The present paper is concerned with theoretical description of the third harmonic generation in isotropic medium in the case when the fundamental light beam carries a single C-point of an arbitrary type on its axis. The special attention is paid to the generation efficiency in the area close to the beam axis, in which the polarization state of the incident radiation is almost circular, as well as to the growth of C-points number in the signal beam, their topological characteristics and three-dimensional structure of formed C-lines. Such kind of nonlinear optical processes, involving the generation of new C-points and the changes of their topological charge and polarization handedness, are highly topical for modern optics, since they are directly related with the nonlinear interplay of both orbital and spin parts of angular momentum of the electromagnetic field.

2. Main equations

The slowly varying envelope of the electric field of the light beam at fundamental frequency ω propagating along z-axis is considered to be of the following form:

E_{ω} (x, y, z) = \frac{1}{β (z)} (E_{G} e + E_{L} \frac{p (x + i σ y) + q (x - i σ y)}{\sqrt{2} w β (z)} e *) \exp (- \frac{x^{2} + y^{2}}{w^{2} β (z)}),

where E_G and E_L are complex constants, k_ω is the wavenumber at the frequency ω, σ is either 1 or −1 and the function β(z) = 1 + i(z − z₀)/z_R describes the diffraction of the beam with waist size w and Rayleigh range z_R = k_ωw²/2. The unit polarization vector

e = (e_{x} + i σ e_{y}) / \sqrt{2}

in Eq. (1) determines the polarization handedness of the beam. When σ = 1 the beam is a superposition of the left-hand circularly polarized Gaussian mode and two right-hand circularly polarized Laguerre-Gaussian modes of the first order and when σ = −1 the polarization handedness of all three modes is changed to the opposite. The beam of the form Eq. (1) contains a single C-point on its axis, the topological features of which are determined by the parametes p, q. It was shown in [12], that, rotating the coordinate system around z-axis, one can always achieve the following representation of these parameters: p = cos(θ/2) and q = exp (iη) sin (θ/2), where 0 ≤ θ ≤ π and 0 ≤ η ≤ 2π. The topological charge of the C-point in the incident beam Eq. (1) is equal to 0.5 sgn cos θ regardless of the sign of σ.

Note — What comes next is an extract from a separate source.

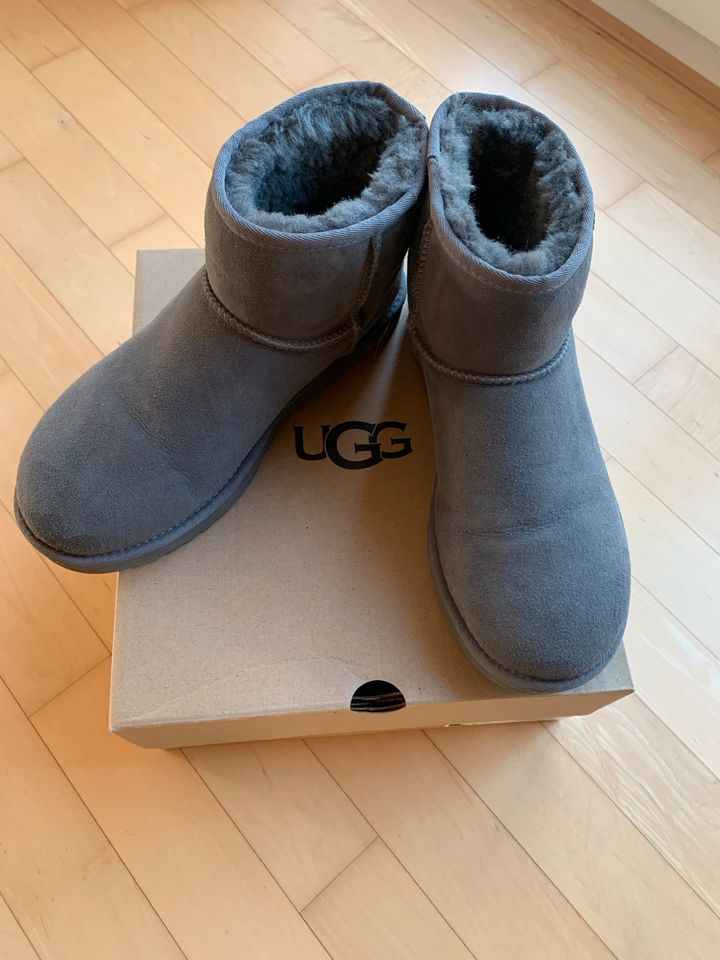 UGG Classic Mini Stiefelette grau Gr. 42 in Rehna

When propagating in isotropic medium with cubic nonlinearity the fundamental beam generates the vector field of nonlinear polarization of the medium at frequency 3ω:

P^{NL} (x, y, z) = χ^{(3)} (E_{ω} \cdot E_{ω}) E_{ω},

where χ⁽³⁾ is the coefficient determining all the non-null components of a fourth-rank material tensor which is invariant under permutation of its three last indices. Within negligible pump deplition approximation we will use the following equation for the slowly varying envelope of the third-harmonic beam (see [13]):

(\frac{\partial}{\partial z} - \frac{i}{2 k_{3 ω}} Δ_{⊥}) E_{3 ω} = \frac{2 π i k_{3 ω}}{ε_{3 ω}} P^{NL} \exp [i (3 k_{ω} - k_{3 ω}) z] .

Here k₃_ω, ε₃_ω are the wavenumber and dielectric permittivity at the triple frequency. We naturally choose the zero initial conditions for the Eq. (3): E₃_ω(x, y, 0) = 0.

3. Structure of the signal field

The solution of Eq. (3) with right-hand part Eq. (2) can be found using the Green’s function:

\begin{array}{l} E_{3 ω} (x, y, z) = A {J_{1} (x, y, z) \frac{p (x + i σ y) + q (x - i σ y)}{\sqrt{2} w} E_{G} e + \\ + [p q J_{2} (x, y, z) + {(\frac{p (x + i σ y) + q (x - i σ y)}{\sqrt{2} w})}^{2} J_{3} (x, y, z)] E_{L} e *} . \end{array}

In this expression the constant A = 2iπk₃_ωz_Rχ⁽³⁾E_LE_G/ε₃_ω, and the functions J_1,2,3(x, y, z) are in general expressible only in quadratures:

J_{1} (x, y, z) = \int_{- \frac{z_{0}}{z_{R}}}^{ξ} \frac{\exp (i ν ξ^{'})}{{\tilde{β}}^{2} (ξ^{'}) B^{2} (ξ, ξ^{'})} \exp (- \frac{3 (x^{2} + y^{2})}{w^{2} B (ξ, ξ^{'})}) d ξ^{'},

J_{2} (x, y, z) = i \int_{- \frac{z_{0}}{z_{R}}}^{ξ} \frac{(ξ - ξ^{'})}{k_{3 ω} / k_{ω}} \frac{\exp (i ν ξ^{'})}{{\tilde{β}}^{3} (ξ^{'}) B^{2} (ξ, ξ^{'})} \exp (- \frac{3 (x^{2} + y^{2})}{w^{2} B (ξ, ξ^{'})}) d ξ^{'},

J_{3} (x, y, z) = \int_{- \frac{z_{0}}{z_{R}}}^{ξ} \frac{\exp (i ν ξ^{'})}{{\tilde{β}}^{2} (ξ^{'}) B^{3} (ξ, ξ^{'})} \exp (- \frac{3 (x^{2} + y^{2})}{w^{2} B (ξ, ξ^{'})}) d ξ^{'},

Here

ξ = (z - z_{0}) / z_{R}

,

\tilde{β} (ξ^{'}) = 1 + i ξ^{'}

,

B (ξ, ξ^{'}) = \tilde{β} ξ^{'} + 3 i k_{ω} (ξ - ξ^{'}) / k_{3 ω}

, the parameter ν = Δkz_R characterizes the dimensionless phase mismatch, where Δk = 3k_ω − k₃_ω.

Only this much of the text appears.